One smaller thing I really enjoyed about the film was the parallels between the characters and the actors who played them. For instance, Calva himself grew up a lover of cinema in Mexico and got to make his big Hollywood debut starring in "Babylon." This came after years of taking jobs ranging from a caterer to a boom mic operator just to get near a movie set, he told GQ Magazine in a recent interview.
Robbie also mirrors Nellie very closely as she is extremely driven and hard-working in her own career, having reached mass fame in a short period of time following her breakout role in "The Wolf of Wall Street" — where she got the part by slapping Leonardo DiCaprio in the face during the audition, according to a Vanity Fair interview.
I think these parallels make watching the film all the more interesting and go to show a job well done in terms of casting. Though, from the social media reactions I’ve seen so far, the public's perception of the film definitely seems mixed. And honestly, all things considered, I feel the same way.
One Variety Magazine editor tweeted, "Extravagant, decadent and all together delightfully delicious. @babylonmovie is phenomenal filmmaking. This is Damien Chazelle’s love letter to movie making and Margot Robbie’s best performance to date. The score is outstanding."
On the other hand, one Los Angeles Film Critics Association member tweeted that the film was, "Truly monstrous in its thudding insistence on shoving the viewer’s face in the muck and claiming it’s something novel or moving. Chazelle might be the most confident director in Hollywood today, of course, he’s also got some of the worst instincts out there."
Overall, I think "Babylon" did a lot of things well. I thought the plot was very entertaining, keeping me on my toes throughout the entire 3-hour run time (and I get bored easily so that should say a lot)!

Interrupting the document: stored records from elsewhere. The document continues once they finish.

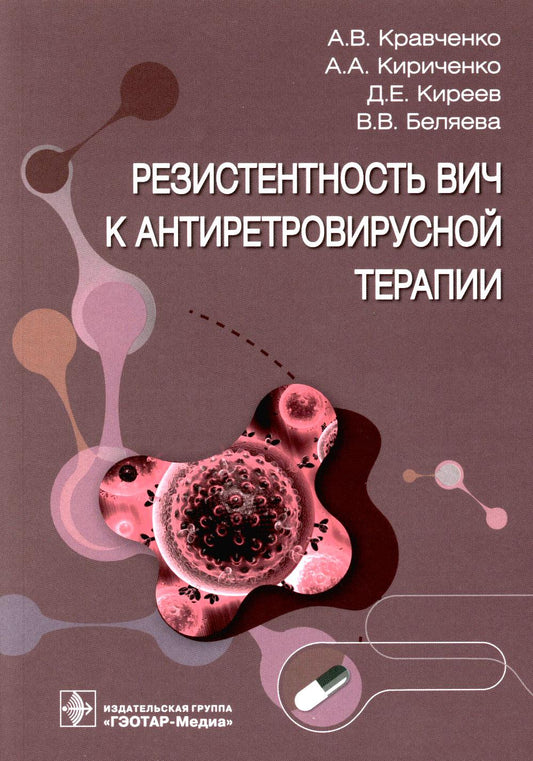Резистентность ВИЧ к антиретровирусной терапии / А. В. Кравченко, А. А. Кириченко, Д. Е. Киреев, В. В. Беляева. — Москва : ГЭОТАР-Медиа, 2023. — 112 с. : ил.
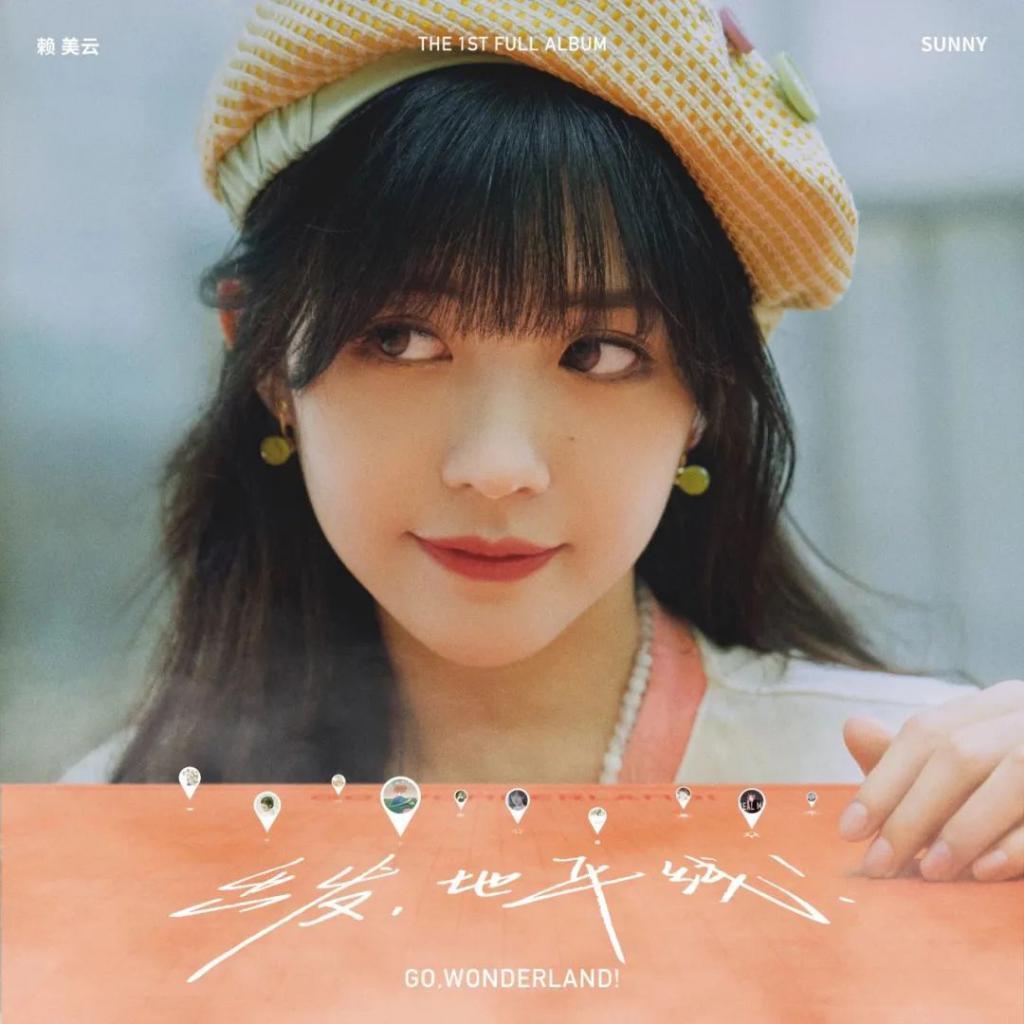 还记得小七赖美云吗？新剧惹争议？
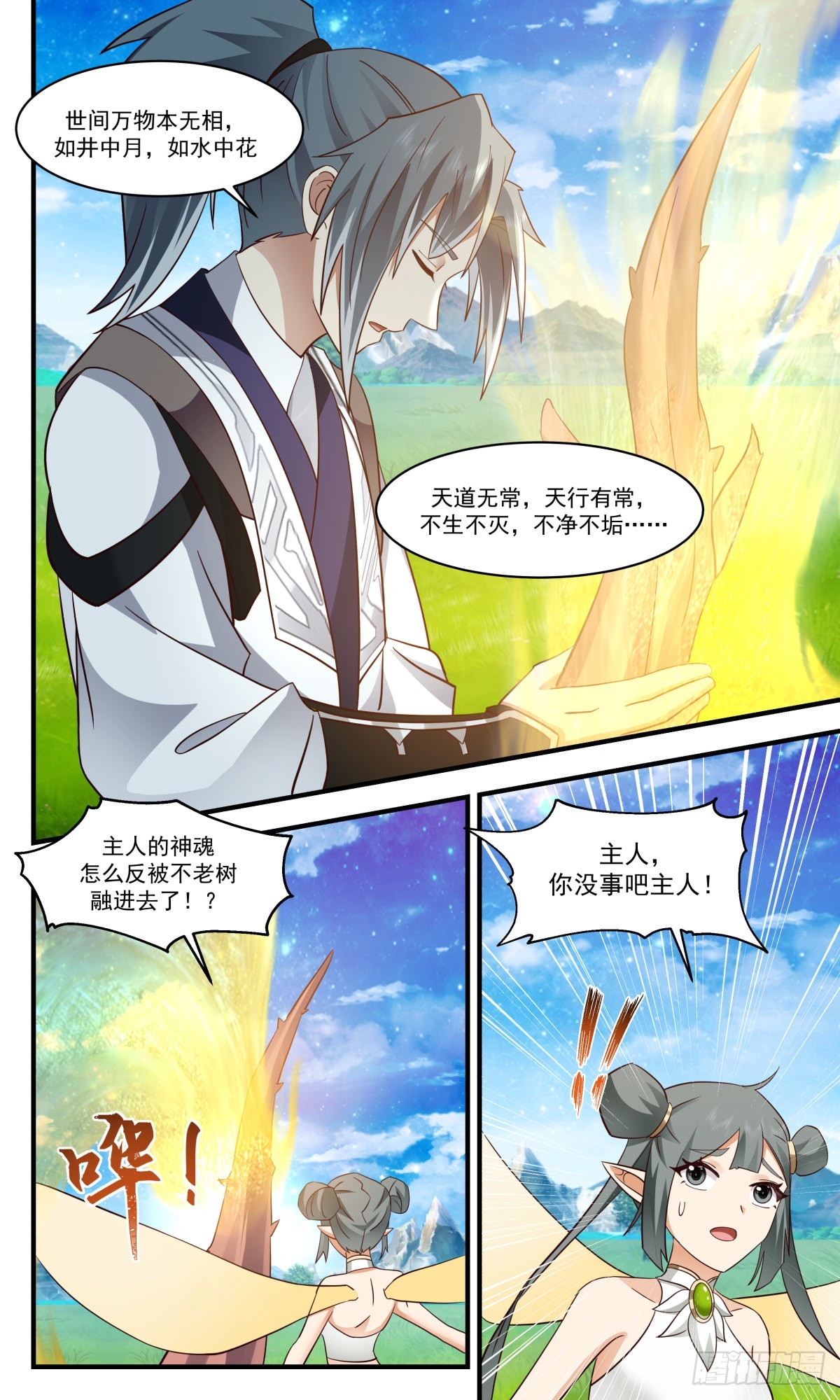 2573 人魔大战篇---不死不灭之身8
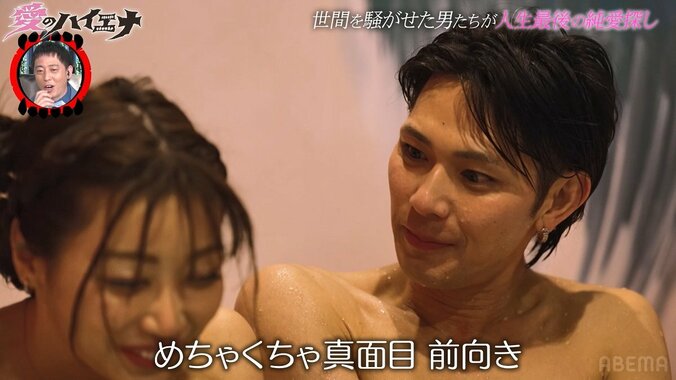 【写真・画像】水着姿のセクシー女社長、二股騒動の人気芸人と混浴 「テクニックない人は辛い」とぶっちゃけ　2枚目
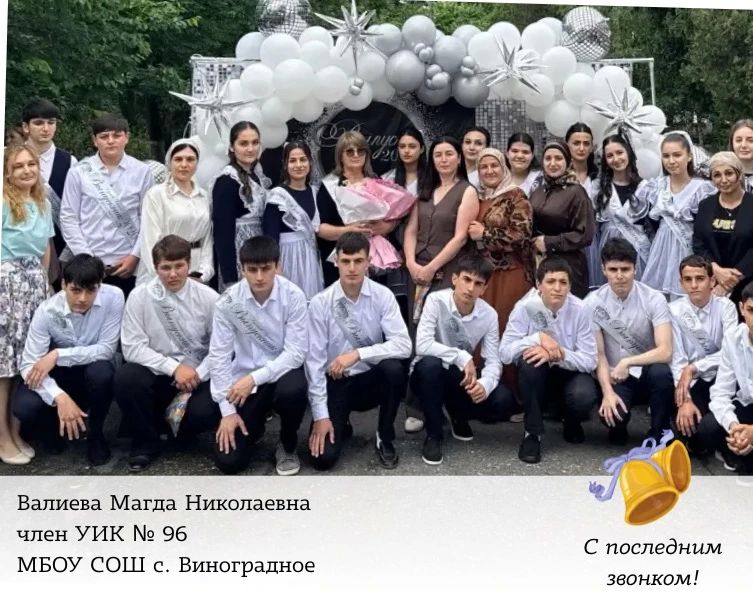 Сегодня по всей республике звучит Последний звонок — особенный, трогательный и очень волнительный праздник Сегодня по всей республике звучит Последний звонок — особенный, трогательный и очень волнительный праздник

The film was visually appealing with cinematography done by Linus Sandgren and costumes by Mary Zophres, and the score was beautifully written by award-winning composer Justin Hurwitz.
That being said, the film was a bit all over the place and messy, losing track of its tone and purpose at some points — I definitely felt a bit lost as a viewer sometimes. There was also something missing about the whole film that left me wanting a little something more.
But you can judge for yourself when "Babylon" hits theaters on December 23 or streaming on Paramount+ at an unspecified future date following its theatrical release.